Tutorial#
You have collected on-ground measurements of a metric of interest at multiple field sites. You now want to extract pixels from satellite or aerial images acquired over the field sites. And you want to calculate one or more statistics on the extracted pixel values for each site.
This tutorial guides you through a typical usage pattern to do so.
A complete example is provided in pixdrill.example.
The typical usage pattern#
Specify the field survey properties
Choose the images to be drilled
Define the statistics to be calculated on the drilled pixels
Extract the pixels and compute the statistics
Fetch the results
Specify the field survey properties#
Use the pixdrill.drillpoints.Point class to model the properties of
the pixel extraction you want to do for each field site. The properties are the:
- location of your field site defined by a coordinate and a coordinate reference system
- the extraction region of interest, which will resemble that of your field site
- date of the field survey
- time range, either side of the field survey date, of the imagery acquisition
Example:
from pixdrill import drill
from pixdrill import drillpoints
# Create the first point.
longitude = 140
latitude = -36.5
crs_code = 4326 # EPSG code for WGS84 coordinate reference system. See epsg.org.
# The survey date and time. If the timezone is not specified, then
# UTC is assumed.
tz = datetime.timezone(datetime.timedelta(hours=10))
survey_date = datetime.datetime(
2022, 7, 28, 14, 30, 0, tzinfo=tz) # 28 July 2022 @ 2:30 pm
acquisition_window = datetime.timedelta(days=3)

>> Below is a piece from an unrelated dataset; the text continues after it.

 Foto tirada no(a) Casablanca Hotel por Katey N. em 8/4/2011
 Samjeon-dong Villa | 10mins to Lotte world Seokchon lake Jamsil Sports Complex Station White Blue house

site_shape = drill_points.ROI_SHP_CIRCLE # Define the extraction shape
site_radius = 50 # The extraction size, in metres
pt_1 = drillpoints.Point(
longitude, latitude, survey_date, crs_code,
acquisition_window, site_radius, site_shape)
# Create extra points.
...
# Add the points to a list, ready for extraction.
points = [pt_1, ...]
# Extract pixels and run stats - only the points argument is shown for the time being
drill.drill(points, ...)
Choose the images#
Specify the images to extract pixels from using one or both of the following methods:
provide a list of file paths or URLs
use the Items returned from a search of a STAC catalogue
Pixel Driller uses GDAL to read the images. So the
file paths or URLs must be in a form that GDAL can parse.
STAC makes Pixel Driller powerful.
Consider this: you have hundreds of field sites and, depending on your acquisition
window and satellite revisit period, a search of a STAC catalogue returns
thousands of images to drill. This is clearly better than having to specify
these yourself in a list.
If using a STAC catalogue, we assume that you are familiar with the properties of that catalogue. In particular: - the endpoint (a URL) to the STAC catalogue - the names of the collections in the catalogue; a collection is typically a grouping of similar images, such as Sentinel-2 Level 2A - the names of the STAC Item’s raster assets that you want to drill; note that a list of STAC Items is returned from a search, and the set of asset IDs is the same for every Item in a collection
Continuing our example:
# Specify paths to the images to be drilled.
img1 = "/path/to/img1.tif"
img2 = "/path/to/img2.tif"
# Specify the collection and raster assets of the Items in a STAC catalogue
endpoint = "https://earth-search.aws.element84.com/v0"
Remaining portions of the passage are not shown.